As Dan said, use HandBrake to transcode DVDs to h.264. You might want to use a ripper (like Mac the Ripper) to line up a bunch of DVDs and them run them through HandBrake overnight.

You can use Time Capsule to store your media library, but you will need to have your computer on and iTunes running for any media you want to stream. Anything you sync to the ATV you can access without needing to have iTunes running.
 
Umm...Wasn't the OP asking about the :apple:TV? As far as I know it can only playback at 720 quality. I suppose he could store other copies of higher quality rips but, as of now, the max the :apple:TV can display is 720, right? :confused:

The OP was asking what the quality of ripped DVDs is like. As said, they are upscaled 480p, and, if using the Apple TV preset in HandBrake, the picture quality is pretty much the same as the source DVD. On my 37" LCD and to my eyes, ripped DVDs look the same as if I play them on my upscaling DVD player.
 
I have a 1.5TB HDD hooked up to my Mac mini which is then connected via ethernet to my Airport Extreme base station. I add movies/tv shows/music to my iTunes library which then streams it over the network to the Apple TV in the living room.

As long as iTunes can see the media (and its in the right format) then you should be able to stream it to your Apple TV

I usually encode (via Handbrake) at about 3000KBit/s in H.264, double pass, and drop the audio down from 160KBit to 128, at 41,000Hz. This only slightly reduces the audio quality, and the video quality is good. I chose to do it into H.264 MP4 as dark scenes had a bit too much noise.

pac
 
I usually encode (via Handbrake) at about 3000KBit/s in H.264, double pass, and drop the audio down from 160KBit to 128, at 41,000Hz.

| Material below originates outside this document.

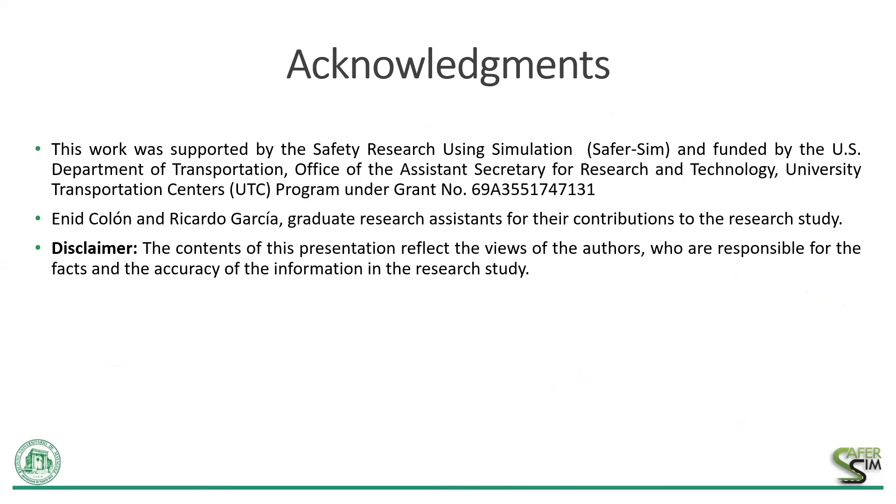Thank you very much for your attention. I would like to thank former graduate students — I. Colón and Ricardo Garcia — who helped at the beginning of the experiments with the school zone selection and developing the overhead sign. Their contribution is acknowledged here. We also want to acknowledge the support of SaferSim and the Department of Transportation. Thank you very much for your attention. If you have any questions, I will be happy to take them. Back to you, Jacob.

Why not just use the constant quality slider? I don't understand why you waste file space encoding at 3000kbps for video, but then drop the audio quality. This makes no sense to me.

Just use the ATV preset, and maybe slide the quality up to 61%. You'll get a great looking encode, 5.1 AC3 passthru, and it will still be a smaller file than your 3K/128kpbs AAC encodes.
 
have to agree fwiw. 3000 kbps video using x264 on a sd dvd is way high unless you have some *very* grainy and complex footage. Just my .02.